It's a lot of emotion to bottle up in a room no bigger than a high-school gym, dark and dank-with four large, hot white lights over the ring. The bleachers were carved out of hard, cold concrete and slowly filled up as the amateur opening fights wound to a close
The two Argentine fighters came in dressed flashily--one in a blue satin cape, one in an Argentine soccer jersey, a blue and white beanie and wraparound sunglasses. The Chileans were clearly better fighters, and the matches were something of a disappointment in that regard. It's as if the Argentine's boastful swagger-far more impressive than their skill-was orchestrated to make the Chilean's success all the more satisfying.
Neither fight threatened to end in a knockout; the fighters just weren't landing many solid punches. But the tally of points was certain to swing toward the Chileans. In about the 3rd round (out of 6) of each fight, the Chilean would land his first serious combination of blows, and the place would erupt- "Chi! Chi! Chi! ... Le! Le! Le! Vi-va-Chi-le!
Strange and unreal as the experience was, that dusty gym in Barrio Brasil, right off the Costanera highway, was brimming with riotous, irrational, almost orgiastic effusions of national pride.
It made me think back to my cabbie in Buenos Aires, the veteran of the Falklands War.
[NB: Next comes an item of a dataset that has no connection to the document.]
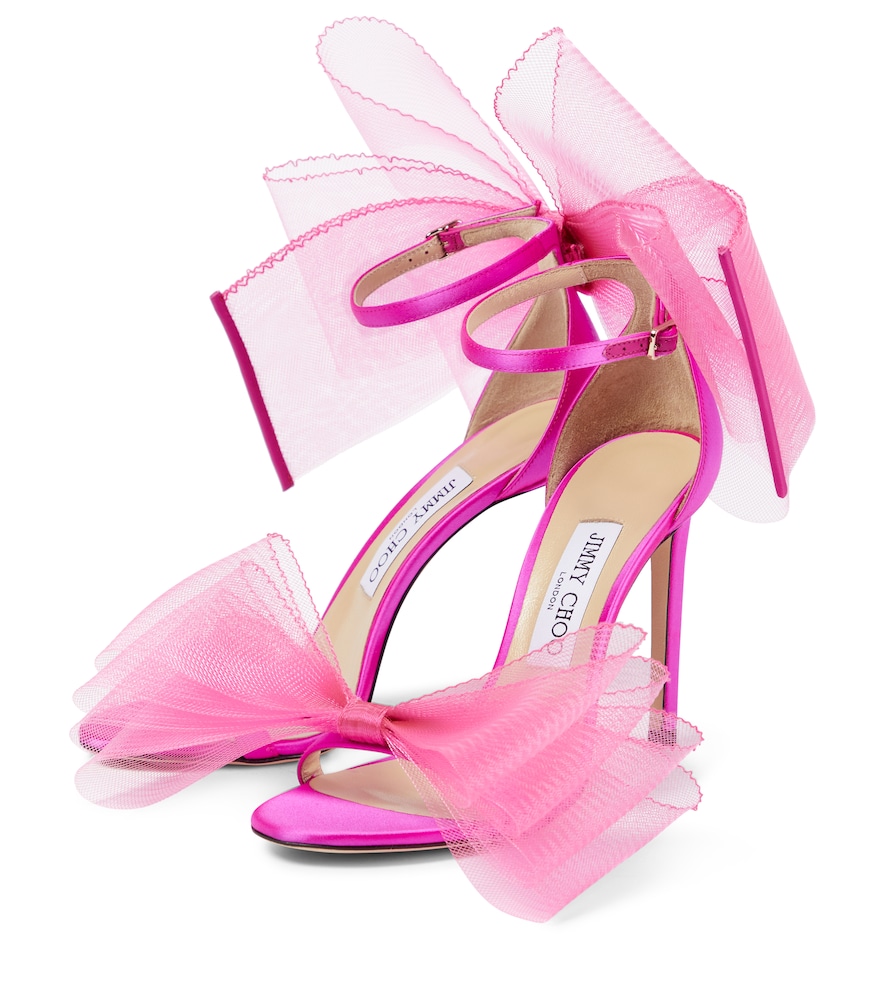 Jimmy Choo Aveline 100 bow-trimmed sandals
Besides lambasting Chile for selling Chilean air bases to the British to further tip the scales in an unbalanced war (it was really just Gen. Pinochet who did it), he said that most Argentines (and most South Americans) looked down on Chileans.
For days and months, now, I've been assessing my decision to study in Chile. How comfortable am I in Santiago? What do I think of Chileans as a people?
And visiting Buenos Aires last week meant visiting the other city where I considered studying abroad. I feared the city because I didn't want to believe that I had made the wrong decision in coming to Santiago. But I realize now that I am relatively happy here, and that, perhaps, I did make the right decision.
I'll admit, though, that I regularly flee to this Starbucks in Las Condes. I like to call the street it's on "Little America;" there's a Hooters, a Ruby Tuesday's and a Bennigans, and the streets are lined with SUVs and tall, clean apartment buildings. Can I be blamed for being more comfortable here, especially when you take my suburban roots into account?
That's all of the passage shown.